PROBLEM STATEMENT: Every record below should be repeated exactly. Omit the pictures.

SUPPLIED MATERIAL:

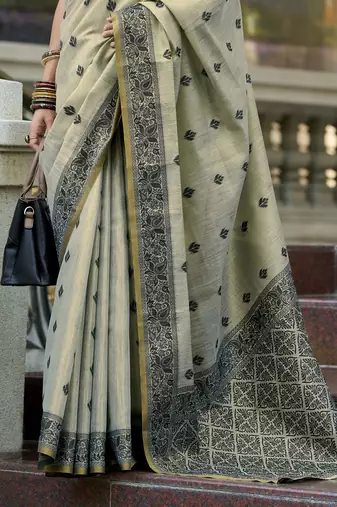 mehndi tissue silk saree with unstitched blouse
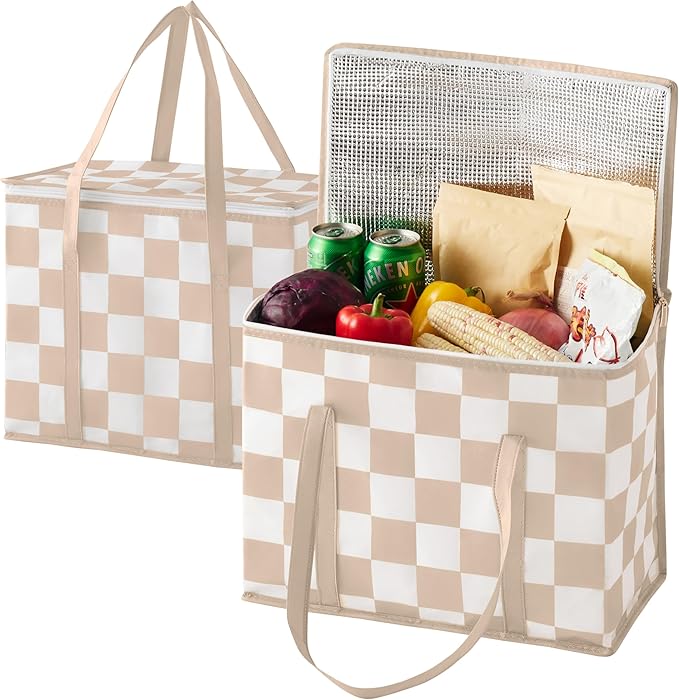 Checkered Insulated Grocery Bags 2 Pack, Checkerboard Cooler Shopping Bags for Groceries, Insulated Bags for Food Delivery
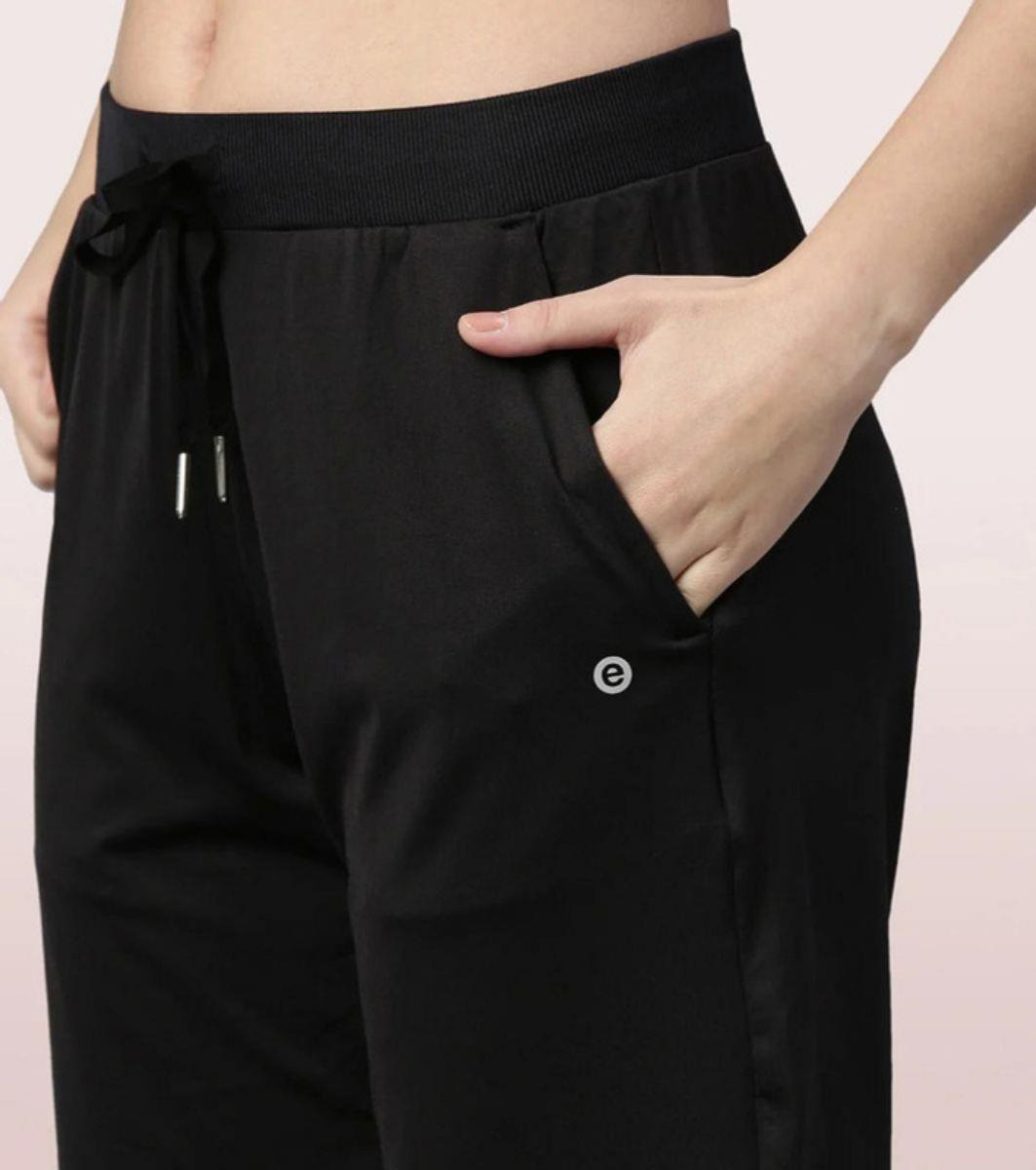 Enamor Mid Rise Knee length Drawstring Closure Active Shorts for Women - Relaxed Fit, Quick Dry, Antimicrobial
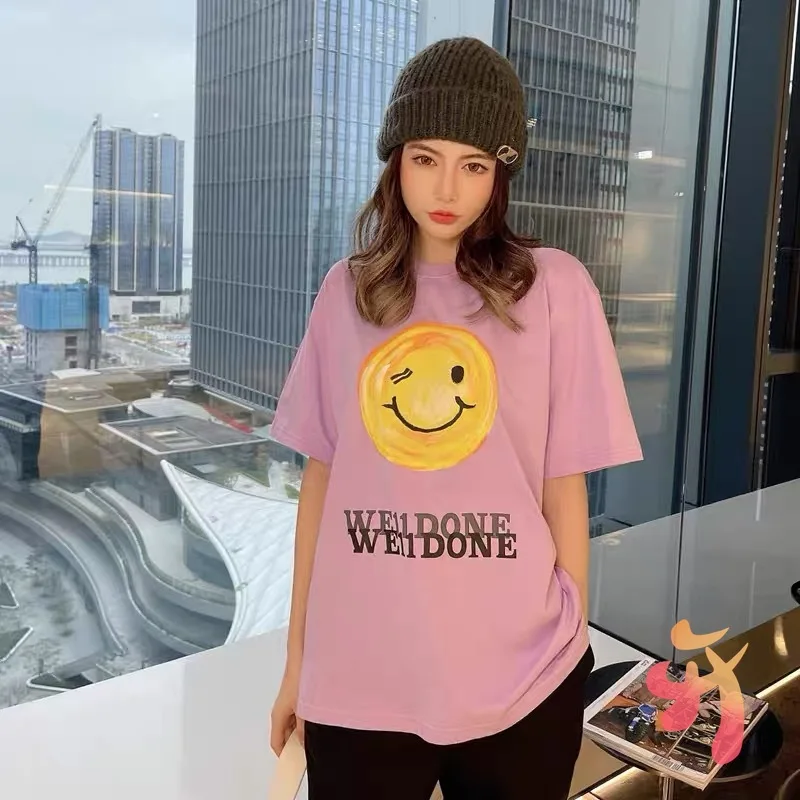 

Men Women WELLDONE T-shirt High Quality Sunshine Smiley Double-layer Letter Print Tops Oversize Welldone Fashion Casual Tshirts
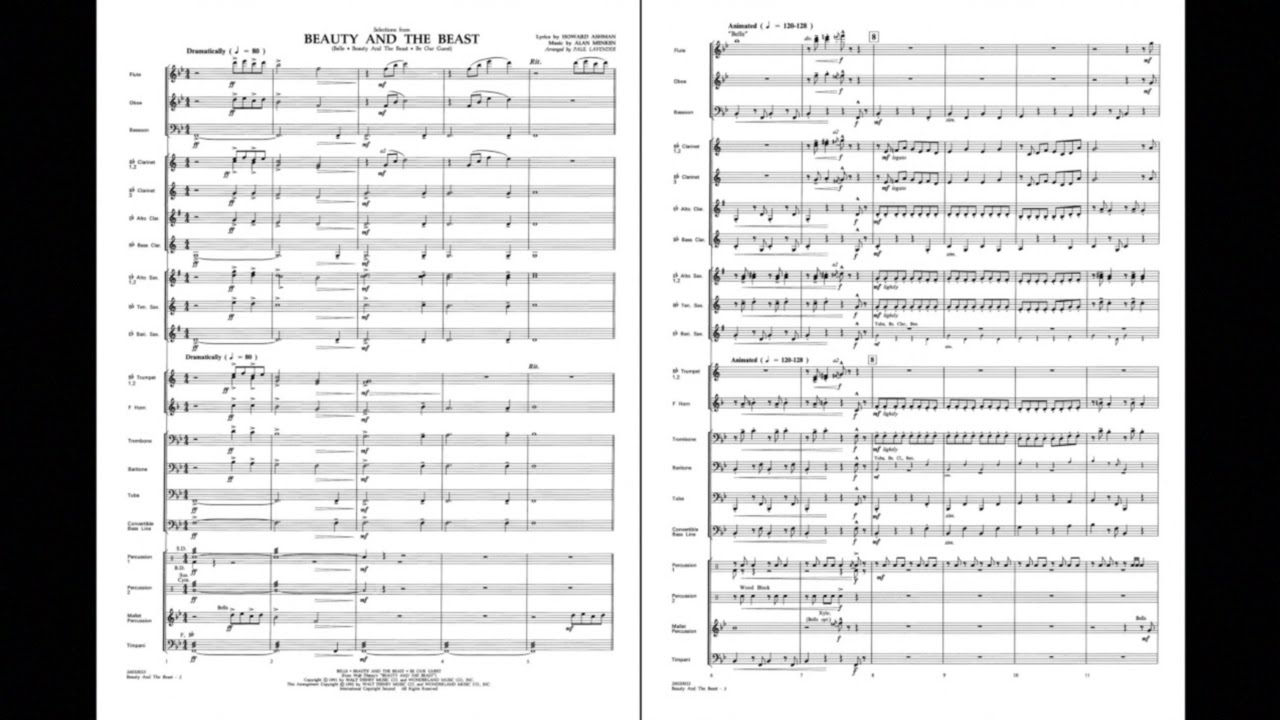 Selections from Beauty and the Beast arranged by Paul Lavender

RESULT BELOW:
 mehndi tissue silk saree with unstitched blouse
 Checkered Insulated Grocery Bags 2 Pack, Checkerboard Cooler Shopping Bags for Groceries, Insulated Bags for Food Delivery
 Enamor Mid Rise Knee length Drawstring Closure Active Shorts for Women - Relaxed Fit, Quick Dry, Antimicrobial

Men Women WELLDONE T-shirt High Quality Sunshine Smiley Double-layer Letter Print Tops Oversize Welldone Fashion Casual Tshirts
 Selections from Beauty and the Beast arranged by Paul Lavender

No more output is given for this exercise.